AMAPLIST is analogous to the MacLISP MAPLIST function. The function f, a function of n arguments, iis applied to tuples of successive tails of the lists. The values returned by f are collected and returned as a list.

(AMAPC f x1  x2  ... xn))

      -> (DO ((FN f)
      (X1 x1  (CDR X1))
      (X2 x2  (CDR X2))
      ...
      (Xn xn  (CDR Xn)))
      ((OR (NULL X1) (NULL X2) ... (NULL Xn))
      'NIL)
      (FN (CAR X1) (CAR X2) ... (CAR Xn)))

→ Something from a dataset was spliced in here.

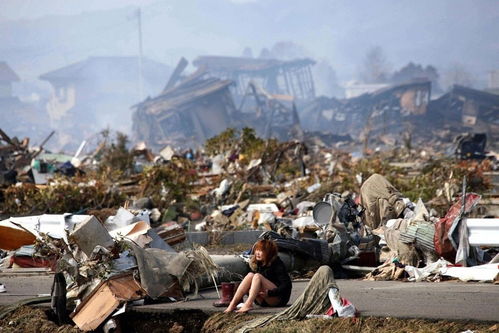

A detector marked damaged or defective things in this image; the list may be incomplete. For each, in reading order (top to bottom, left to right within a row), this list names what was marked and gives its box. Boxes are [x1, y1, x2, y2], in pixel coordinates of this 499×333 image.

broken roof [0, 61, 20, 82]
broken roof [39, 55, 172, 81]
broken roof [192, 55, 314, 73]
wrecked house frame [192, 55, 316, 100]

AMAPC is analogous to the MacLISP MAPC function. The function f, a function of n arguments, is mapped simultaneously down the lists x1, x2, ..., xn; that is, f is applied to tuples of successive elements of the lists. Thus AMAPC is similar to AMAPCAR, except that no values are expected from f; therefore f need not be a function, but may be any procedure.

(PROG varlist s1  s2  ... sn)

The SCHEME PROG is like the ordinary LISP PROG. There is no simple way to describe the transformation of PROG syntax into SCHEME primitives. The basic idea is that a large LABELS statement is created, with a labelled procedure (of zero arguments) for each PROG statement. Each statement is transformed in such a way that each one that “drops through” is made to call the labelled procedure for the succeeding statement; each appearance of (GO tag) is converted to a call on the labelled procedure for the statement following the tag; and each appearance of (RETURN value) is replaced by value.

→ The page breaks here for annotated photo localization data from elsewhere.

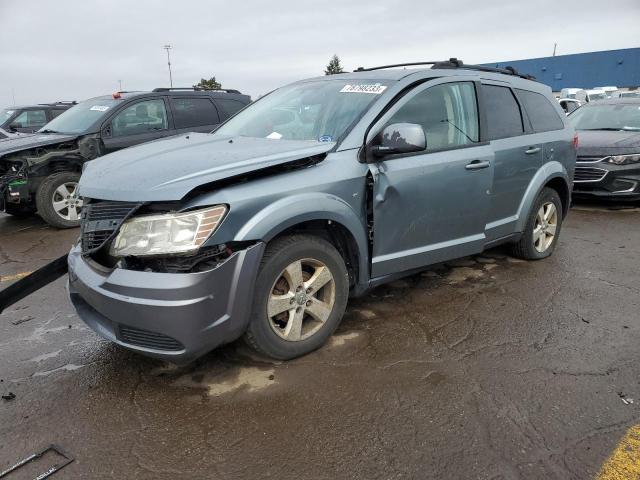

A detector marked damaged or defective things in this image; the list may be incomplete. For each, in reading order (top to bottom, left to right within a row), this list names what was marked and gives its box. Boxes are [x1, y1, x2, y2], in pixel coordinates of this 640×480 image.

crumpled hood [0, 132, 79, 157]
crumpled hood [80, 134, 336, 202]
crumpled hood [576, 128, 640, 157]
broken headlight [110, 206, 228, 258]
damaged silver suv [66, 58, 576, 362]
broken fender flare [0, 255, 68, 316]
cracked asphalt [0, 203, 636, 480]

Practical experience with SCHEME has shown that PROG is almost never used. It is usually more convenient just to write the corresponding LABELS directly. This allows one to write LABELS procedures which take arguments, which tends to clarify the flow of data [Imperative].


The rest of this section (FSUBRs) applies only to the PDP-10 MacLISP implementation of SCHEME .

FSUBRs

As a user convenience, the PDP-10 MacLISP implementation of SCHEME treats FSUBRs specially; any FSUBR provided by the MacLISP system is automatically a SCHEME primitive (but user FSUBRs are not). Of course, if the FSUBR tries to evaluate some form obtained from its argument, the variable references will not refer to SCHEME variables. As a special case, the SCHEME syntactic extension AARRAYCALL is provided to get the effect of the MacLISP FSUBR ARRAYCALL.

C.2.  User-Provided Extensions

A SCHEME implementation should have one or more ways for the user to extend the inventory of magic words. The methods provided will vary from implementation to implementation. The following primitive (SCHMAC) is provided in the PDP-10 MacLISP implementation of SCHEME.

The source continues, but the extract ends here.